The war at sea, the war in the air and the war in Italy were all preliminaries to the invasion of German occupied France, at Normandy on 6 June 1944. The 3rd Canadian Infantry Division (see Juno Beach) was one of five Allied assault divisions that landed that day, the greatest amphibious invasion in history. A hundred Canadian warships carried troops, protected the invasion fleet, and provided gunfire support to the troops ashore. Hundreds of Canadian bombers and fighters hunted German submarines at sea and battered the German defences on land. In the fearsome battles of Normandy that continued until late August 1944 and resulted in the death, injury or surrender of 400,000 German troops, the First Canadian Army faced some of the fiercest opposition and suffered some of the heaviest losses of the Allied armies.

In October and November 1944, the Canadians again endured unrelenting, bitter combat, this time in appalling conditions of wet and cold. They smashed the heavily fortified German defences on the River Scheldt and thereby opened the great Belgian port of Antwerp that was the key to supplying the vast Allied liberation armies. This important Canadian victory was critical to ensure that the final Allied offensives went forward in full strength and on time in early 1945. The Canadians were a spearhead in those offensives, pushing in from February to April 1945 across fortified rivers in the Netherlands and western Germany, against an enemy that showed little sign of weakening until the very last days.

Miracle of Mobilization

Canada's military achievement was particularly notable because it had been organized so rapidly from meager beginnings. At the outbreak of war in September 1939, there were fewer than 10,000 full-time professional sailors, soldiers and airmen. The reserve forces — citizens who did a few weeks of training each year — numbered fewer than 60,000. There was almost no modern equipment. The government, still grappling with the savage economic consequences of the Great Depression of the 1930s, planned a "limited liability" effort. Canada would concentrate on home defence and send only small forces overseas. Finance department officials doubted that the country could afford even that.

The plan changed in May and June 1940 when France, Britain's major ally and thought to be the strongest military power in Europe, collapsed in the face of lightning quick German assaults led by tanks and aircraft. Suddenly Canada was Britain's largest ally (the Soviet Union entered the war against Germany only in June 1941, and the United States in December of that year). Canada willingly, urgently, began full-scale mobilization in 1940 to help save Britain, but it was a late start. The effort succeeded nevertheless, and, uniquely among the major combatant nations, the overwhelming majority of those enlisted were volunteers.

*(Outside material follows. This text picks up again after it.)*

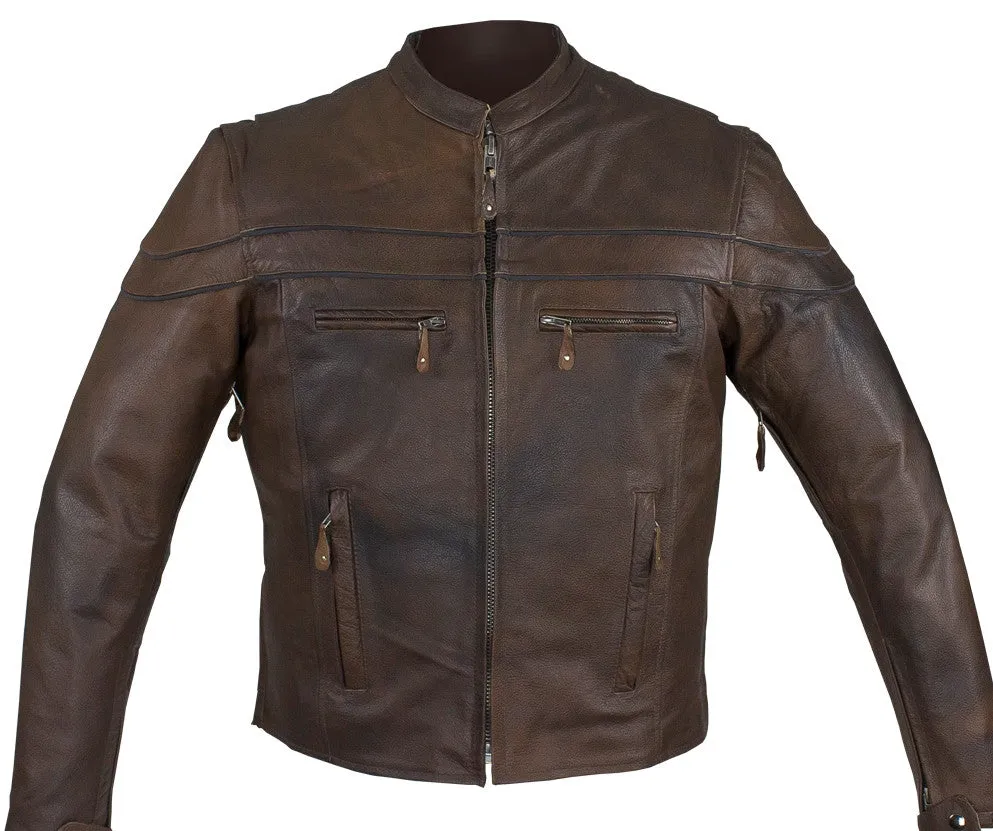 Men's Motorcycle Retro Brn Scoter Reflective Leather jacket with 2 Gun pockets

Canada's overseas forces were truly citizen forces, comprised almost entirely of ordinary people who put their lives and health on the line to defeat tyranny and preserve democracy.

Sacrifice

Those citizens paid a very heavy price. In all, 42,000 Canadian service men and women gave their lives during the Second World War, almost all in the Atlantic and European theatres: 22,917 in the Army, 17,101 in the Air Force, and 2,024 in the Navy. A further 54,000 were wounded. The merchant marine, all civilian volunteers who did not form part of the armed forces, also suffered losses -- more than 1,600 Canadian and Newfoundland merchant sailors died, fully 10 per cent of those who served.

General H.D.G. Crerar, commander of the First Canadian Army, confessed in his VE-Day message to feeling humbled by the achievements of his forces: "If Canada in peace can realize the fine potentialities of her citizens [...] there is no limit to [her] future."